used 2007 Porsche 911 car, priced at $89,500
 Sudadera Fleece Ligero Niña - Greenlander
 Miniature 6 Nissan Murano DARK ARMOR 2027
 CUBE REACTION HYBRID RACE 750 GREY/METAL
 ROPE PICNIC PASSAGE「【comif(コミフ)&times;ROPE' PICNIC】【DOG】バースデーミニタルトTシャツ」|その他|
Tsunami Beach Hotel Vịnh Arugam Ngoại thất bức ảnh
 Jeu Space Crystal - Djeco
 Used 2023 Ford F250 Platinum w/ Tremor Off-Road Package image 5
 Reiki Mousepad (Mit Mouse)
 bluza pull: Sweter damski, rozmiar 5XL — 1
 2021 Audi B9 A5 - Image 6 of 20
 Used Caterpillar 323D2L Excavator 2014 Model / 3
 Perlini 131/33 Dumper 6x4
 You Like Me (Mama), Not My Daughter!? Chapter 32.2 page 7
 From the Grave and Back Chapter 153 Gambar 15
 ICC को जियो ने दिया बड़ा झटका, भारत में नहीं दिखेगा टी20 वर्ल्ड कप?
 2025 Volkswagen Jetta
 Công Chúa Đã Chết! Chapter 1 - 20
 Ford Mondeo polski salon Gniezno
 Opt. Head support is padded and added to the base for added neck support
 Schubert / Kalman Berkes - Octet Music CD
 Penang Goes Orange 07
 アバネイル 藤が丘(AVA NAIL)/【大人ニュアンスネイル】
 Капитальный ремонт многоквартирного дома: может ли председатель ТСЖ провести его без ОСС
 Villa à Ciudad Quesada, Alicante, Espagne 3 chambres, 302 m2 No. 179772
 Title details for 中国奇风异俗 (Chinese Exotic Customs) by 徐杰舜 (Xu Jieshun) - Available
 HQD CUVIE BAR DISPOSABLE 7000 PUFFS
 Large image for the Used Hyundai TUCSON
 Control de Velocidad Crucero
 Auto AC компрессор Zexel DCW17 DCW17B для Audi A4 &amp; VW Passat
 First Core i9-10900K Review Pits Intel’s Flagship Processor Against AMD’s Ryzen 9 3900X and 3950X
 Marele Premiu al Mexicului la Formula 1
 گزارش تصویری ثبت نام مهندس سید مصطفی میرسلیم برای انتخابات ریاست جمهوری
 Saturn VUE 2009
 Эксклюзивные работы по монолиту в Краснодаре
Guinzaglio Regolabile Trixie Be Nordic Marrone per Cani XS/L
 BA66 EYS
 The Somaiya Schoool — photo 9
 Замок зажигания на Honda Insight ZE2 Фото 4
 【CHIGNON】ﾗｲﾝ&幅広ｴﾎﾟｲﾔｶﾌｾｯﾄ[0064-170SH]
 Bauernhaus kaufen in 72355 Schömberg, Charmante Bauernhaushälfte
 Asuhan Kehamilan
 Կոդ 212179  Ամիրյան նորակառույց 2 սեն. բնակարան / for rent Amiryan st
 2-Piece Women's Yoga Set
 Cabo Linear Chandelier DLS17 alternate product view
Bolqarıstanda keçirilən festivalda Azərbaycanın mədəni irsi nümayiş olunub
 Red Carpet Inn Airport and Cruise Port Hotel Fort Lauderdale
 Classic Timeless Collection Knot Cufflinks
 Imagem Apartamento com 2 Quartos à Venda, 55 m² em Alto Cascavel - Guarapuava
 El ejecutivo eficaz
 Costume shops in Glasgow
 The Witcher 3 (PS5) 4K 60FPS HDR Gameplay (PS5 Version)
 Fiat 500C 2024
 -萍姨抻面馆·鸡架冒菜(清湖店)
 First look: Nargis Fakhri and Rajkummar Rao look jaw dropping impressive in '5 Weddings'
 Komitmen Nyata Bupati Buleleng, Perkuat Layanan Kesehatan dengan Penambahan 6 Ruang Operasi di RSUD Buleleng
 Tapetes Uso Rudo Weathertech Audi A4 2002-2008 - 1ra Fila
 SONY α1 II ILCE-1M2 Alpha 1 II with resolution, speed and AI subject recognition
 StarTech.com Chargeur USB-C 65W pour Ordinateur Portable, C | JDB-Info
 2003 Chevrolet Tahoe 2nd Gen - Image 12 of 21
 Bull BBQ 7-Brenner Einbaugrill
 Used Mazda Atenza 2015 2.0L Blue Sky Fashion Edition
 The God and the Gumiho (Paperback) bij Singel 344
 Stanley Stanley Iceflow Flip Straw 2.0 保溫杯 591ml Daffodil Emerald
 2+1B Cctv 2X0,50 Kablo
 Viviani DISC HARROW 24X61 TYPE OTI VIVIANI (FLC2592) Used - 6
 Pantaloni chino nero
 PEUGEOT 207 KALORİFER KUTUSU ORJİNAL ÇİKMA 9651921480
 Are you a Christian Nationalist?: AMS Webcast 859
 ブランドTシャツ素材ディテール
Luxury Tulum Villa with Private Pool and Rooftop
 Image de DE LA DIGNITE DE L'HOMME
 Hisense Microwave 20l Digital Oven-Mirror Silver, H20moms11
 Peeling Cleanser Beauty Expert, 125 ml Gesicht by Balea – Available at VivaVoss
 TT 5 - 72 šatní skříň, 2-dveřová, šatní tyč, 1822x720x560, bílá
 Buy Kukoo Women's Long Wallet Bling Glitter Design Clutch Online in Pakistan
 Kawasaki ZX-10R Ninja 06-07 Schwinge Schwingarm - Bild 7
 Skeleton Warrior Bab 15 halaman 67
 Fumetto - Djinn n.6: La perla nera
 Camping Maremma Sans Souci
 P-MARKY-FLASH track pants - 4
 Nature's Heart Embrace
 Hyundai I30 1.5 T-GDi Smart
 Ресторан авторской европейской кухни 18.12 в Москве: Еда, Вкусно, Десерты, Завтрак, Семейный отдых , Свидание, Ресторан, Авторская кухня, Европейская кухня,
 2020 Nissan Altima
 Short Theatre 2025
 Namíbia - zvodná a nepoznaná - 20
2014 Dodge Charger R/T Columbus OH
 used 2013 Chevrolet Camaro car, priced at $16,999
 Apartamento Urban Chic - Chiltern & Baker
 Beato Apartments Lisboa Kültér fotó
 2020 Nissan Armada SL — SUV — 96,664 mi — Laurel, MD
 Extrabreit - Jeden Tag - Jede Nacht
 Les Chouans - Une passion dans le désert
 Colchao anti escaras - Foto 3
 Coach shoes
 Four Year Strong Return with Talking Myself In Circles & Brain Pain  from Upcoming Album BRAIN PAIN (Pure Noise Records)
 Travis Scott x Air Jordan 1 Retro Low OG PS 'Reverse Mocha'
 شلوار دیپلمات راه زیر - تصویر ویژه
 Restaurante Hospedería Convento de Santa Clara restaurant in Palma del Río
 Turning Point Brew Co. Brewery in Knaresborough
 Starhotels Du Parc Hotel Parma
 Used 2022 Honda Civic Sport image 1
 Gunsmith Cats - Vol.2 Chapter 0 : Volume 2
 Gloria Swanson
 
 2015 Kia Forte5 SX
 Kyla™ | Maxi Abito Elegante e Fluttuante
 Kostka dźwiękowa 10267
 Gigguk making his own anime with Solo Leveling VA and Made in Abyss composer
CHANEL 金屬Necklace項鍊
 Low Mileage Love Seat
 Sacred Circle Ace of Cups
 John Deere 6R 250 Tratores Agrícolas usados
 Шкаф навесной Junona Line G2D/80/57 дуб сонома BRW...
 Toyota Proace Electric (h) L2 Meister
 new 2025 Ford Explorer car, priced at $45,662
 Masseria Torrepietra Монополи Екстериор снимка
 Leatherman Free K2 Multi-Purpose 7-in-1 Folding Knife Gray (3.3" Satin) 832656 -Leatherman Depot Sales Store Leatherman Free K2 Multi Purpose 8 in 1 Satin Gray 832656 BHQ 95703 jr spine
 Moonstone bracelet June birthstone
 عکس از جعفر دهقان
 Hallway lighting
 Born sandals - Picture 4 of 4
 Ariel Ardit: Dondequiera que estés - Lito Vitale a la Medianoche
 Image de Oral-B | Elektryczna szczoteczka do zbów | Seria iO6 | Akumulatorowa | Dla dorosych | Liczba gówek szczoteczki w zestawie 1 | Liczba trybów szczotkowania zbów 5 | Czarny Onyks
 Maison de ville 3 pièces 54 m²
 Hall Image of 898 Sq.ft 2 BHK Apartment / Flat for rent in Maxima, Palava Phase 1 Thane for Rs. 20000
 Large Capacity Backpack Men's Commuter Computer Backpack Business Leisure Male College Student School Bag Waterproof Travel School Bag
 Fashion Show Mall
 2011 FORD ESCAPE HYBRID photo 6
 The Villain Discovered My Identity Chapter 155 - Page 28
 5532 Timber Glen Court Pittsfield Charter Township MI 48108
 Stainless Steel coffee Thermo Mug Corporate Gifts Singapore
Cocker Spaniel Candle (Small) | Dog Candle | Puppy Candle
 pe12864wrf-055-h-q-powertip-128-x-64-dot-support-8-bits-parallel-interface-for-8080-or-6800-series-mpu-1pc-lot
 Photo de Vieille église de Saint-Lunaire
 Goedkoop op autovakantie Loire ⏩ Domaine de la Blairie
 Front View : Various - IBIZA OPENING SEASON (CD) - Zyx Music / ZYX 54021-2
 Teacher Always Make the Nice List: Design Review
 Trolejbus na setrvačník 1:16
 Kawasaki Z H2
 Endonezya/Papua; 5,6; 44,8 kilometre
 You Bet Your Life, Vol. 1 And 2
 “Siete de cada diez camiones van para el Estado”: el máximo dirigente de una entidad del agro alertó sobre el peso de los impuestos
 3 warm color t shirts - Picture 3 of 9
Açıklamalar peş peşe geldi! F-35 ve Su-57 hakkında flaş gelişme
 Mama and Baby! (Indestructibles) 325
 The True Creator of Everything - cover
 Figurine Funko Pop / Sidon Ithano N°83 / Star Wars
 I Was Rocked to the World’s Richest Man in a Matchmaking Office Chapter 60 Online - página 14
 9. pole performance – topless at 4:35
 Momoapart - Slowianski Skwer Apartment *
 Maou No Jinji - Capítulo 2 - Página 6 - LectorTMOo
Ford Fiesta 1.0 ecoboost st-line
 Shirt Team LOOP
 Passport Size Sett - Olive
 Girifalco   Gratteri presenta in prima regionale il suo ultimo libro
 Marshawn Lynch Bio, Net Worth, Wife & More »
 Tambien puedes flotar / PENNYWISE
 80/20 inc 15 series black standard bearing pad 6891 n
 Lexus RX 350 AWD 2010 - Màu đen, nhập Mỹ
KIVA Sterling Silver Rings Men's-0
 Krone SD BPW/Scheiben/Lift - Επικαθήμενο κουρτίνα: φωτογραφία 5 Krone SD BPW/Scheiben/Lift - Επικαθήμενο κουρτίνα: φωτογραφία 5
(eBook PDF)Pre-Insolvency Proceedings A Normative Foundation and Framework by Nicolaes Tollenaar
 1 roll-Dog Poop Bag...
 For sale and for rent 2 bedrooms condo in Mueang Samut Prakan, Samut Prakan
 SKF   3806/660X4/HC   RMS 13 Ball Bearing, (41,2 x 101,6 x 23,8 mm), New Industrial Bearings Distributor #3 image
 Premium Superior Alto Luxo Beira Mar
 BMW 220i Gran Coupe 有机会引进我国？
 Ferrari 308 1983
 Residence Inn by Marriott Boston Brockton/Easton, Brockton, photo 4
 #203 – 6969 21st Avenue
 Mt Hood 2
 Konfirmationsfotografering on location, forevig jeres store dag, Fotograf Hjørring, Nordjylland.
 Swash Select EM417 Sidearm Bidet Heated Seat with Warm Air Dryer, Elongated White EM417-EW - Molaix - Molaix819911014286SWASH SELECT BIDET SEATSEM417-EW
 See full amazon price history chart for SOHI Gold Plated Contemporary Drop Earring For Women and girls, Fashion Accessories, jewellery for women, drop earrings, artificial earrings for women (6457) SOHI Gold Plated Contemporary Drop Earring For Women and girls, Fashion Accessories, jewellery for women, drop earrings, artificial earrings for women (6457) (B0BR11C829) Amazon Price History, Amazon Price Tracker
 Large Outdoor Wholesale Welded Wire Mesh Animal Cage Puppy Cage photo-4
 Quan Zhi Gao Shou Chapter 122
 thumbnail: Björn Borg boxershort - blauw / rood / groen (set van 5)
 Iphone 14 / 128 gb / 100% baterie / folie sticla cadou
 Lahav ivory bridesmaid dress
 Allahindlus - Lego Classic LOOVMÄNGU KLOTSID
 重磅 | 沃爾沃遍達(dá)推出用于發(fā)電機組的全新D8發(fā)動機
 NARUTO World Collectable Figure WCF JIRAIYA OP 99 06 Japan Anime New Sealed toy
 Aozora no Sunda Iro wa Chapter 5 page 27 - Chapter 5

────

WHAT YOU HAVE TO DO —
Repeat the data word for word, starting at its first line and stopping after the line that contains "Reiki Mousepad (Mit Mouse)".

TASK RESPONSE —
used 2007 Porsche 911 car, priced at $89,500
 Sudadera Fleece Ligero Niña - Greenlander
 Miniature 6 Nissan Murano DARK ARMOR 2027
 CUBE REACTION HYBRID RACE 750 GREY/METAL
 ROPE PICNIC PASSAGE「【comif(コミフ)&times;ROPE' PICNIC】【DOG】バースデーミニタルトTシャツ」|その他|
Tsunami Beach Hotel Vịnh Arugam Ngoại thất bức ảnh
 Jeu Space Crystal - Djeco
 Used 2023 Ford F250 Platinum w/ Tremor Off-Road Package image 5
 Reiki Mousepad (Mit Mouse)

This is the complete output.